Work instruction: Transcribe only the lines from the one containing "Plaid Pattern Chest" through the final line of the entries below, exactly, and exclude the pictures.

Captioned web image data
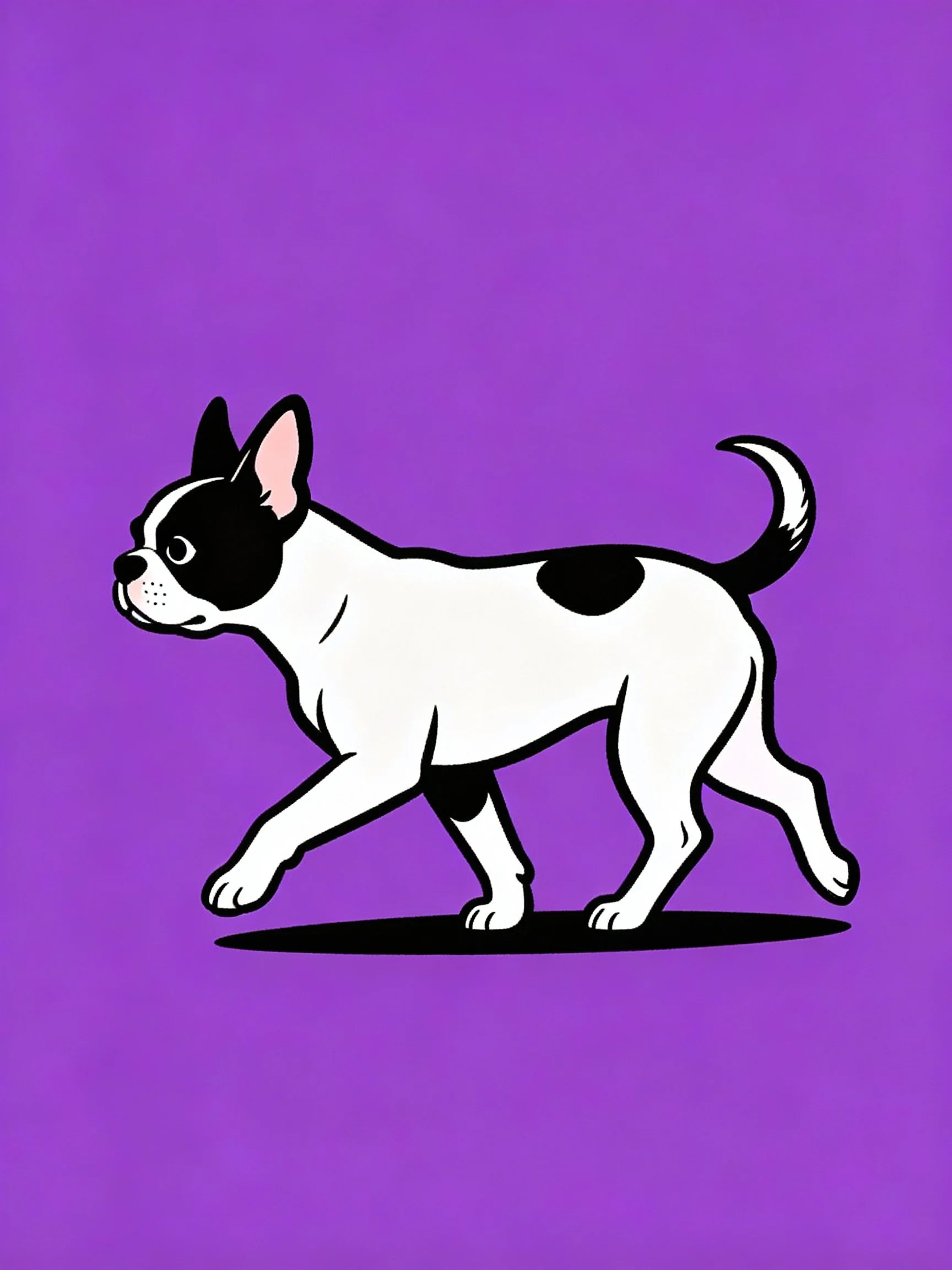 Cartoon Boston Terrier with black patches on white coat, solid purple backdrop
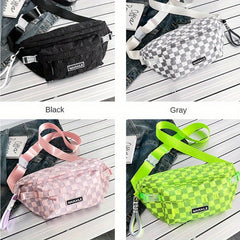 Plaid Pattern Chest Bag Crossbody Sling Shoulder Bag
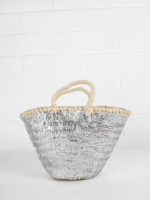 Mini Sequin Baskets – Handwoven Palm Leaf Basket with Colorful Sequins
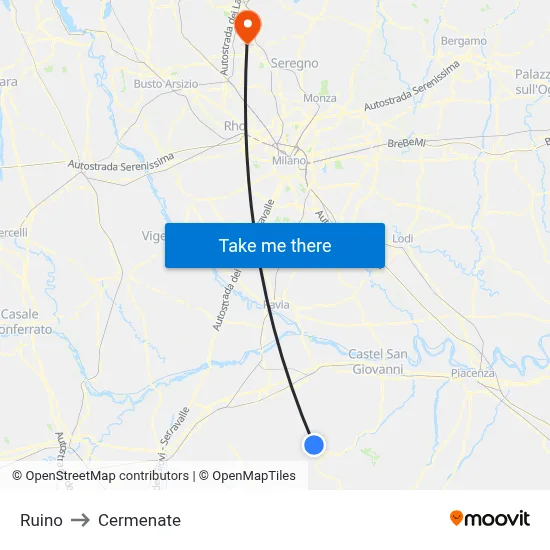 Ruino to Cermenate map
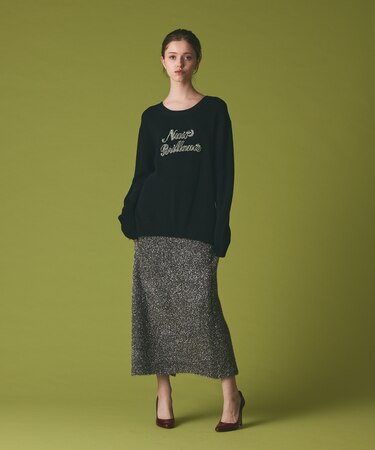 ビジューロゴニットトップ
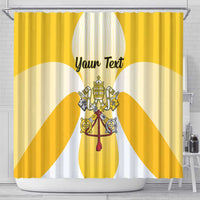 Yellow shower curtain with crest and 'Your Text' centered, on shower rod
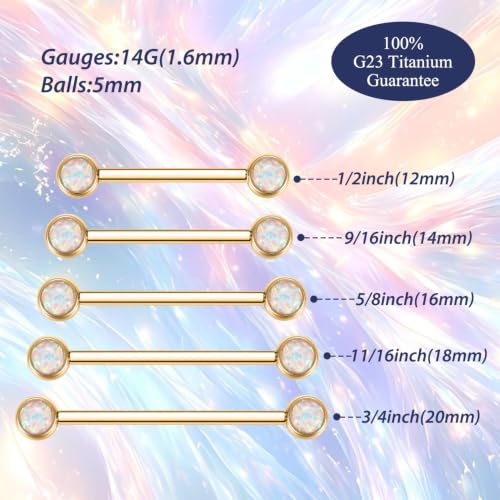 FUNLMO 2pcs Nipple Piercing Jewelry Titanium Nipple Rings Internally Threaded Tongue Rings Bridge Piercing Jewelry Nipple Barbells 14G 12-20mm - color: Gold,White Opal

Written answer:
 Plaid Pattern Chest Bag Crossbody Sling Shoulder Bag
 Mini Sequin Baskets – Handwoven Palm Leaf Basket with Colorful Sequins
 Ruino to Cermenate map
 ビジューロゴニットトップ
 Yellow shower curtain with crest and 'Your Text' centered, on shower rod
 FUNLMO 2pcs Nipple Piercing Jewelry Titanium Nipple Rings Internally Threaded Tongue Rings Bridge Piercing Jewelry Nipple Barbells 14G 12-20mm - color: Gold,White Opal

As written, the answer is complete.